- PROBLEM TO SOLVE: From the first line of the data below, repeat each line exactly until you reach the line with "Edenrobe Digital Printed Lawn 3PC"; include that line too.

═════ LISTED RECORDS

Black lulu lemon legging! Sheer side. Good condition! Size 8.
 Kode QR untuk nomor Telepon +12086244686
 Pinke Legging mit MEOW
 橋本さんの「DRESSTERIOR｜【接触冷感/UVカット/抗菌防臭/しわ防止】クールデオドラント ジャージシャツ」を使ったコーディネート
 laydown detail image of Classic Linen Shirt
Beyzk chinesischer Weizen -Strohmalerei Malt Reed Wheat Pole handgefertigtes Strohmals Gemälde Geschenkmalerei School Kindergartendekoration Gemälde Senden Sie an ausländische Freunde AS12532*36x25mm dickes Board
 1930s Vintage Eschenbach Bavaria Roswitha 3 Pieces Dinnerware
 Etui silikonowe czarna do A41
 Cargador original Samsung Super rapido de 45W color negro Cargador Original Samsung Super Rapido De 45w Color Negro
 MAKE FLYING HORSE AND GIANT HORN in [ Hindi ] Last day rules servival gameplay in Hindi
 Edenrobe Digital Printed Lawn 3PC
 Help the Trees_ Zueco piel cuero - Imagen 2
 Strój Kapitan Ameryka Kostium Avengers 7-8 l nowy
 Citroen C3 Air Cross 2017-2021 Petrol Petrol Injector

══════════

- ANSWER SECTION:
Black lulu lemon legging! Sheer side. Good condition! Size 8.
 Kode QR untuk nomor Telepon +12086244686
 Pinke Legging mit MEOW
 橋本さんの「DRESSTERIOR｜【接触冷感/UVカット/抗菌防臭/しわ防止】クールデオドラント ジャージシャツ」を使ったコーディネート
 laydown detail image of Classic Linen Shirt
Beyzk chinesischer Weizen -Strohmalerei Malt Reed Wheat Pole handgefertigtes Strohmals Gemälde Geschenkmalerei School Kindergartendekoration Gemälde Senden Sie an ausländische Freunde AS12532*36x25mm dickes Board
 1930s Vintage Eschenbach Bavaria Roswitha 3 Pieces Dinnerware
 Etui silikonowe czarna do A41
 Cargador original Samsung Super rapido de 45W color negro Cargador Original Samsung Super Rapido De 45w Color Negro
 MAKE FLYING HORSE AND GIANT HORN in [ Hindi ] Last day rules servival gameplay in Hindi
 Edenrobe Digital Printed Lawn 3PC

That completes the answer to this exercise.